Neural network weight matrices are typically huge. For a 7B model, a single layer’s attention weights might be 4096×4096 = 16.7 million parameters.

LoRA’s insight: The update to these weights during fine-tuning is low-rank. We don’t need a full 4096×4096 update matrix — a much smaller decomposition works just as well.

Think of it like compression. Just as a high-resolution image can often be compressed to 10% of its size without visible quality loss, the fine-tuning update can be compressed dramatically.

The Math

Instead of updating weight W directly:

W_new = W + ΔW

LoRA decomposes the update into two smaller matrices:

W_new = W + B × A

Where:
- W is frozen (original weights): d × d
- A is trainable: r × d  (r << d)
- B is trainable: d × r
- ΔW = B × A: d × d (reconstructed)

Worked Example:

Original layer: 4096 × 4096 = 16,777,216 parameters (17M)

With LoRA (rank r = 16):

A: 16 × 4096 = 65,536 parameters
B: 4096 × 16 = 65,536 parameters
Total: 131,072 parameters (131K)

Compression ratio: 17M / 131K = 128× fewer trainable parameters!

Visual Representation

Original:               With LoRA:

┌─────────┐            ┌─────────┐
│         │            │    W    │ (frozen)
│    W    │            │         │
│  d × d  │     →      └────┬────┘
│         │                 │
└─────────┘            ┌────┴────┐
                       │    +    │
                       └────┬────┘
                            │
                       ┌────┴────┐
                       │  B × A  │
                       │(d×r×r×d)│ (trainable)
                       └─────────┘

Why Low-Rank Works

During fine-tuning, the model doesn’t need to learn entirely new representations — it just needs to adapt existing ones to the new task. This adaptation lies in a low-dimensional subspace.

Think of a professional musician learning a new piece. They don’t relearn how to play their instrument—those skills are already deeply embedded. They just need to learn the specific fingerings and expressions for this new piece. LoRA works the same way: the model already “knows how to think” from pre-training, fine-tuning just teaches it the specific patterns for your task.

The original paper showed that with r=8 (just 8 dimensions!), LoRA could match full fine-tuning performance on many tasks. This is remarkable: 8 dimensions capturing the essence of a task-specific adaptation!

Did You Know? Edward Hu, the lead author of the LoRA paper, was a PhD student at Microsoft Research when he developed the technique. The paper was initially rejected from NeurIPS 2021 but went on to become one of the most cited and influential papers in LLM adaptation.
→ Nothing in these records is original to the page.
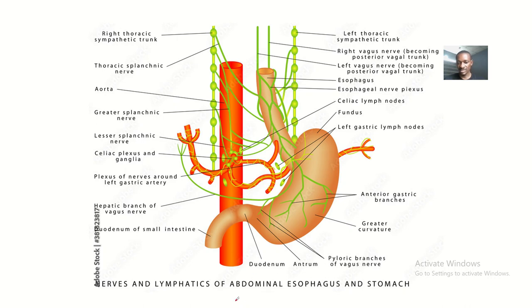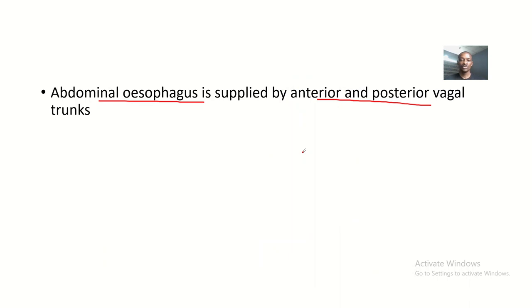Looking at the lymphatics and nerves of the abdominal esophagus, we can locate the vagus nerve here. This is the anterior trunk of the vagus, and this is the posterior trunk of the vagus. So nerve supply to the abdominal esophagus is through the anterior and posterior vagal trunks.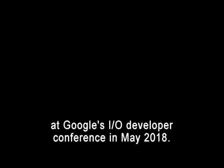The app was first announced at Google's I.O. Developer Conference in May 2018. Since then, the company says it has been testing and working to improve the quality of its results.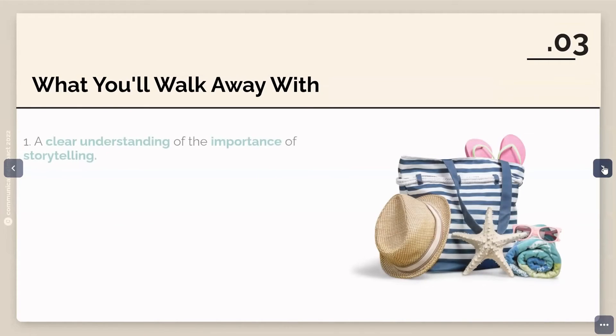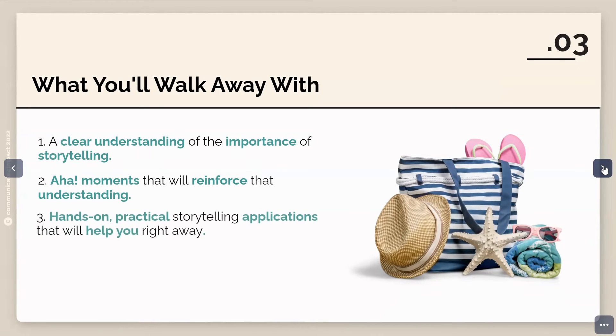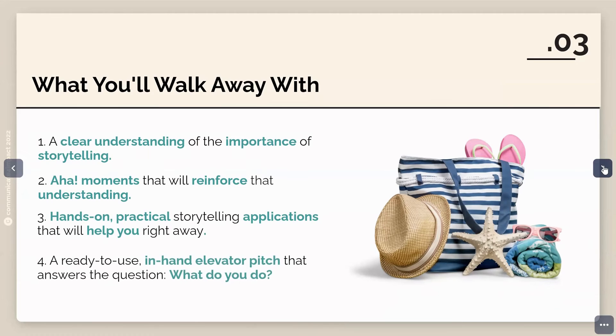We want you to apply the story hacks to your own business content creation. Let's talk about what you're going to walk away with after completing this course. You will have a clear understanding of the importance of storytelling, lots of aha moments, hands-on practical storytelling applications for your content creation right away, and a ready-to-use elevator pitch that answers the question: what do you do?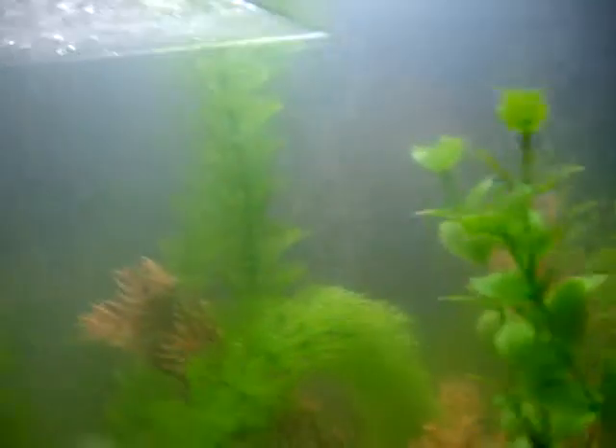Then I got some swordtails in there, and some guppies. Let's see if I can find my bowfin — it's a fish that I found out in the ditch out front.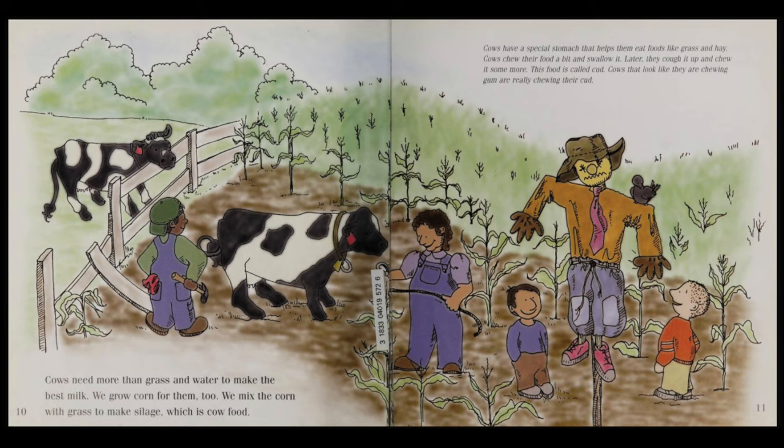Cows need more than grass and water to make the best milk. We grow corn for them, too. We mix the corn with grass to make silage, which is cow food.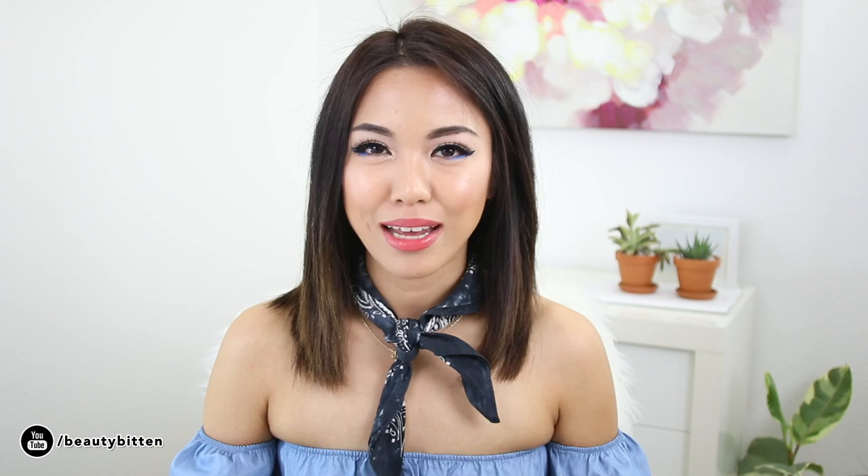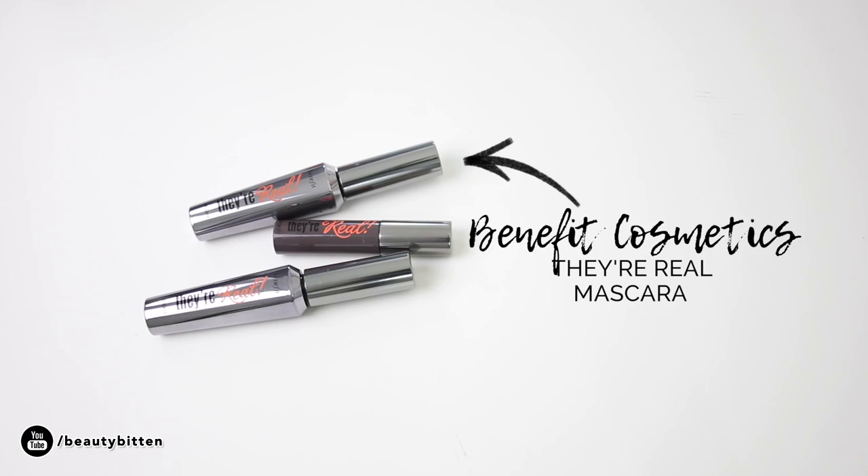Moving on to eye products — this next one shouldn't be a surprise: the Benefit They're Real Mascara. I started with a sample size, which is a great way to try a beauty product without wasting money on a full size. I mentioned in a favorites video that I didn't really like it in the beginning because of the plastic wand, which felt a bit prickly. But once you get a hang of it, it's really good. I've burned through two big tubes already. On lazy days when I still want to look like I made an effort, I'll just put this on with my brows and walk out the door.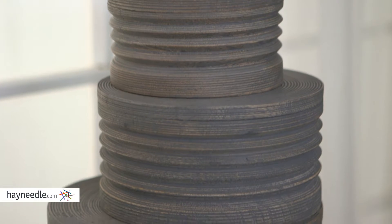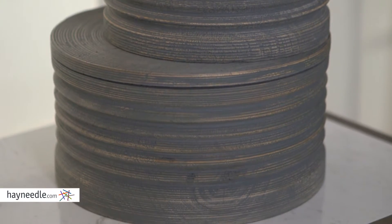Hi, I'm Mark with Hayneedle. These are the Contempo boxes. They're made of wood and as you can see they're carved with grooves in them, but more than a modern chic decor piece,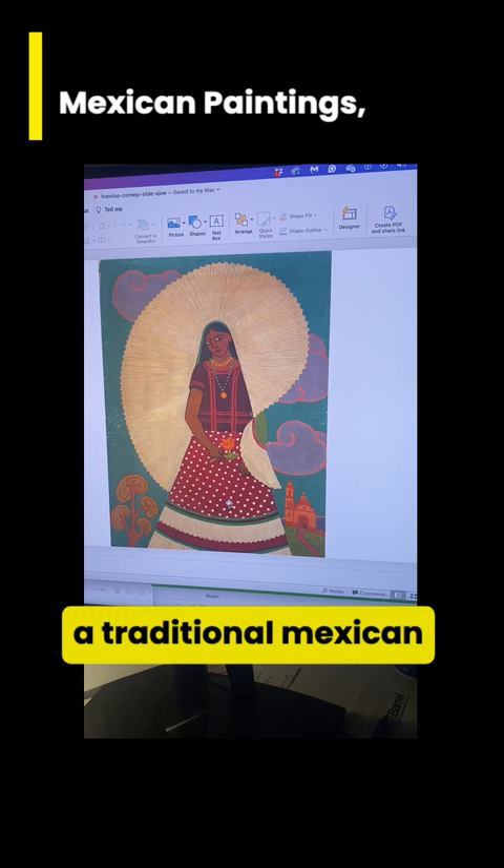You'll see the church in the background. If you do some research, you can probably figure out where that church is.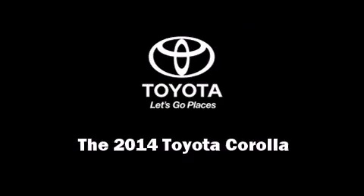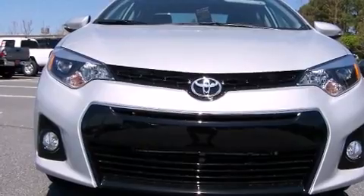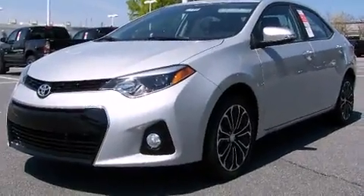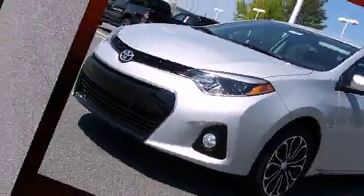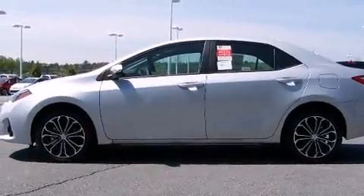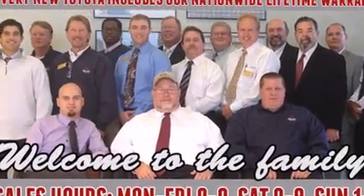Sensibility and practicality define the 2014 Toyota Corolla. This four-door, five-passenger sedan offers the features and options for which you've been searching. It features an automatic transmission, front-wheel drive, and a 1.8-liter four-cylinder engine.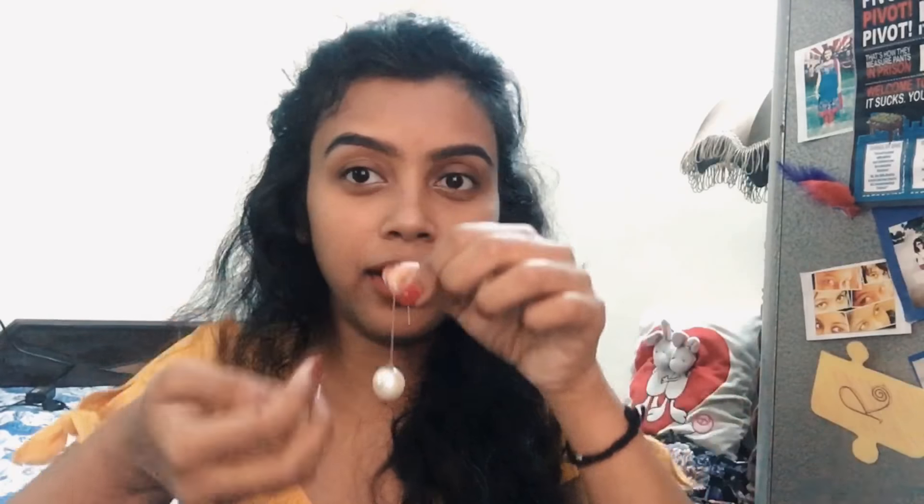Then I got another gold one — I think it was 60 or 70 rupees. It has a pearl-like element that comes out, and you put it in your ear and then attach the pearl. It looks really pretty and classy. Big yay for this one as well!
It’s now the standard for fine-tuning open-source models, used by millions.

QLoRA: Fine-tuning for Everyone

QLoRA combines LoRA with quantization to make fine-tuning accessible on consumer GPUs.

What is Quantization?

Models are typically stored in FP32 (32-bit floating point) or FP16 (16-bit). Quantization reduces this to INT8 (8-bit) or even INT4 (4-bit):

FP32: 3.14159265... (full precision)
FP16: 3.1416      (half precision)
INT8: 3           (8-bit integer + scale)
INT4: ~3          (4-bit, extreme compression)

Memory savings:

FP32: 4 bytes per parameter
FP16: 2 bytes per parameter
INT8: 1 byte per parameter
INT4: 0.5 bytes per parameter

For a 7B model:

FP32: 28 GB
FP16: 14 GB
INT4: 3.5 GB ← Fits on consumer GPU!

QLoRA’s Innovation

QLoRA (Tim Dettmers et al., 2023) introduced:

4-bit NormalFloat (NF4): A new 4-bit data type optimized for normally distributed weights
Double Quantization: Quantize the quantization constants too
Paged Optimizers: Use CPU RAM when GPU memory fills up

The result: Fine-tune a 65B model on a single 48GB GPU!

The Catch

Quantization introduces some precision loss. But QLoRA showed that 4-bit base model + LoRA adapters can match 16-bit full fine-tuning on most tasks. The LoRA adapters (trained in full precision) compensate for quantization error.

# QLoRA configuration
from peft import LoraConfig
from transformers import BitsAndBytesConfig

# 4-bit quantization config
bnb_config = BitsAndBytesConfig(
    load_in_4bit=True,
    bnb_4bit_quant_type="nf4",           # NormalFloat4
    bnb_4bit_compute_dtype=torch.bfloat16,
    bnb_4bit_use_double_quant=True,       # Double quantization
)

# LoRA config
lora_config = LoraConfig(
    r=16,                    # Rank
    lora_alpha=32,           # Scaling factor
    lora_dropout=0.1,
    target_modules=["q_proj", "v_proj", "k_proj", "o_proj"],
    bias="none",
    task_type="CAUSAL_LM",
)

Notice how the configuration specifies which modules to apply LoRA to. For transformers, the attention projections (Q, K, V, O) are the most impactful targets.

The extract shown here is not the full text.